„Wir müssen reden!“ – Paare im Wahlkampf

Konrad-Adenauer-Studie

Gegensätze ziehen sich an – für Pärchen und Politik gilt das wohl nicht. Das ist das Ergebnis einer Studie der Konrad-Adenauer-Stiftung, die p&k exklusiv vorliegt. Demnach vermutet die weit überwiegende Zahl der Befragten, dass die bessere Hälfte bei der Bundestagswahl dieselbe Wahlentscheidung getroffen hat, wie sie selbst. Zwei Drittel der Wähler von Union, SPD, Grünen und AfD glauben das. Etwas individualistischer geht es bei Anhängern der FDP zu. Hier glaubt nur die Hälfte, dieselbe Partei gewählt zu haben wie der Partner. Bei Wählern der Linkspartei fällt der Wert mit 44 Prozent am geringsten aus.
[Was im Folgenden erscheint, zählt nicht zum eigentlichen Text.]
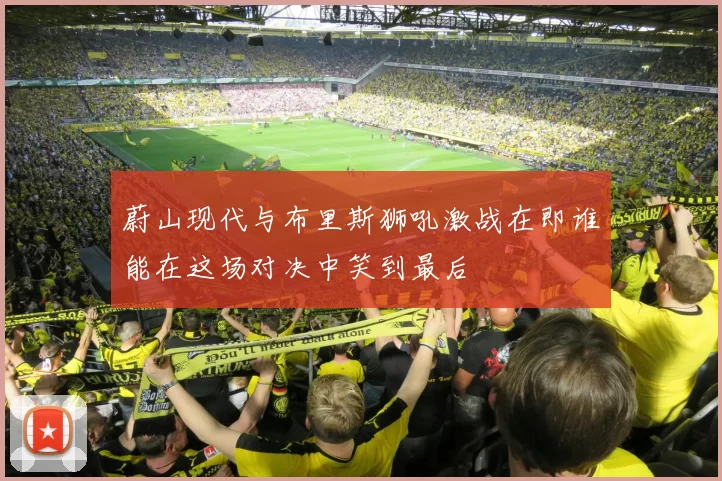 蔚山现代与布里斯狮吼激战在即谁能在这场对决中笑到最后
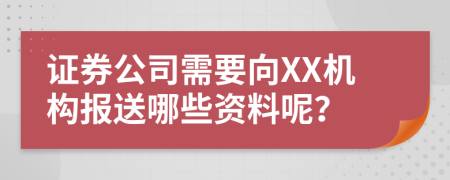 证券公司需要向XX机构报送哪些资料呢？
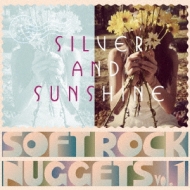 Various/Silver And Sunshine Soft Rock Nuggets Vol.1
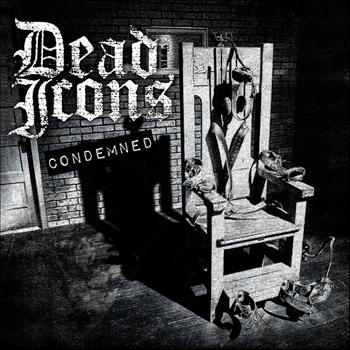 Dead Icons - Condemned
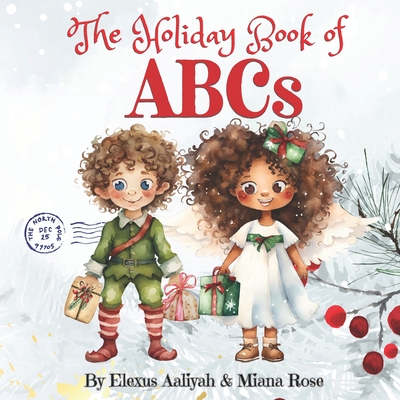 The Holiday Book of ABCs - Rose, Miana, and Aaliyah, Elexus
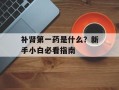 补肾第一药是什么？新手小白必看指南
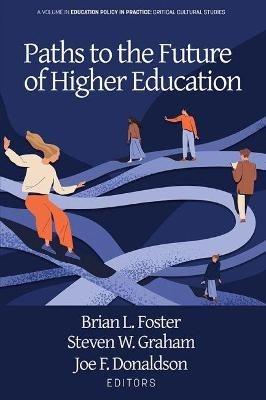 Paths to the Future of Higher Education - cover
Viele kennen die Erfahrung, dass der Haussegen schief hängt, wenn über Politik gesprochen wird. Wird das Thema Politik in der Partnerschaft deshalb gemieden? Laut KAS-Studie wurde im vergangenen Jahr zu Hause deutlich häufiger über Politik gesprochen als noch 2019. Immerhin wurde da auch ein neuer Bundestag gewählt. Besonders diskussionsfreudig zeigten sich Paare, in denen mindestens einer der beiden die Grünen wählt. 81 Prozent von ihnen gaben an, „sehr oft“ oder „oft“ über Politik zu sprechen. Auch vier von fünf Liberalen politisierten gerne zu Hause.
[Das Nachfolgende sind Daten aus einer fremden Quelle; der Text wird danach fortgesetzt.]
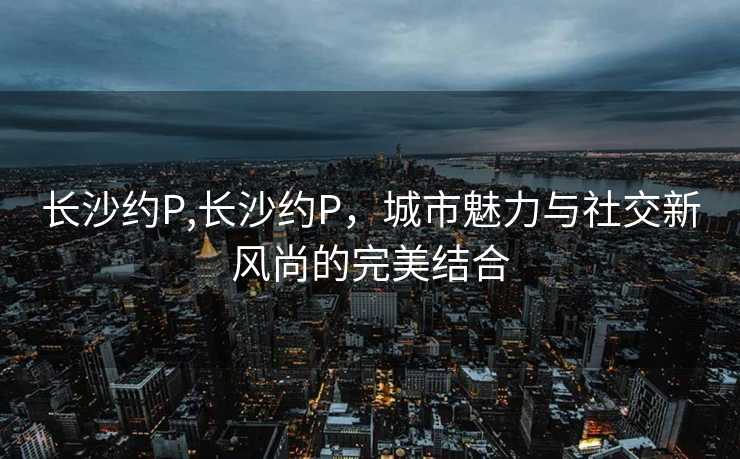 长沙约P,长沙约P，城市魅力与社交新风尚的完美结合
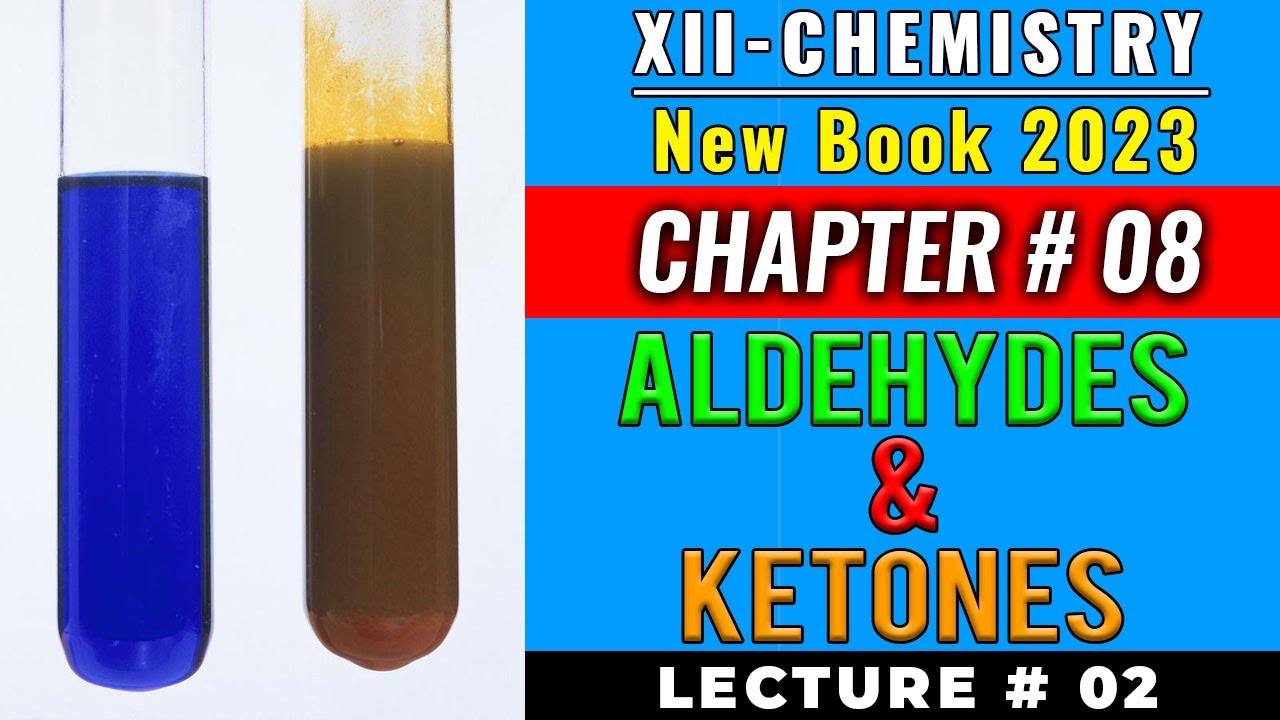 CH#8 Carbonyl Compounds I - Aldehydes & Ketones (Lec#2)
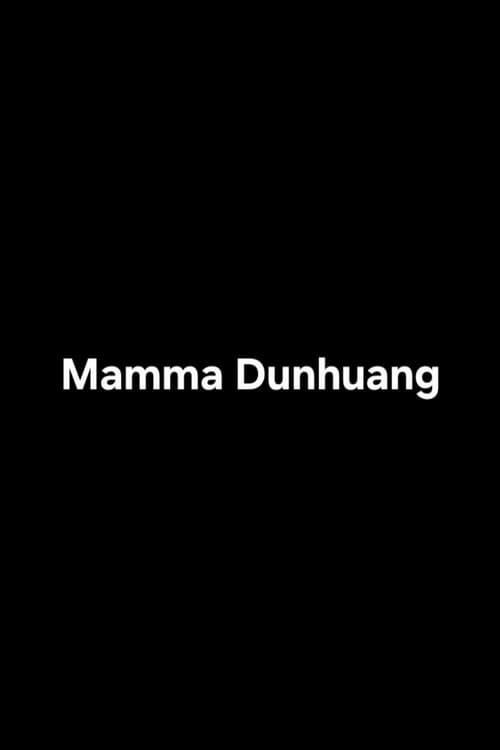Mamma Dunhuang afişi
Die ehemals Ersten sind jetzt die Letzten. 65 Prozent der Paare mit mindestens einem AfD-Wähler sprachen zur Bundestagswahl 2021 über Politik. 2019 waren es noch 61 Prozent. Damals reichte das für den Spitzenplatz. Studienautor Dominik Hirndorf findet das spannend. „Die Diskussionshäufigkeit bei Paaren aller Parteianhängerschaften liegt in der Wahlkampfzeit deutlich höher“, sagt er zu p&k. „Außer bei der AfD-Anhängerschaft.“ Hirndorf schlussfolgert, dass die Anhänger der Rechtspopulisten eher permanent über Politik diskutieren. Der „Wahlkampfeffekt“, über den das Politik-Thema Einzug an bundesdeutsche Abendbrottische hielt, verpuffte bei AfD-Wählern eher.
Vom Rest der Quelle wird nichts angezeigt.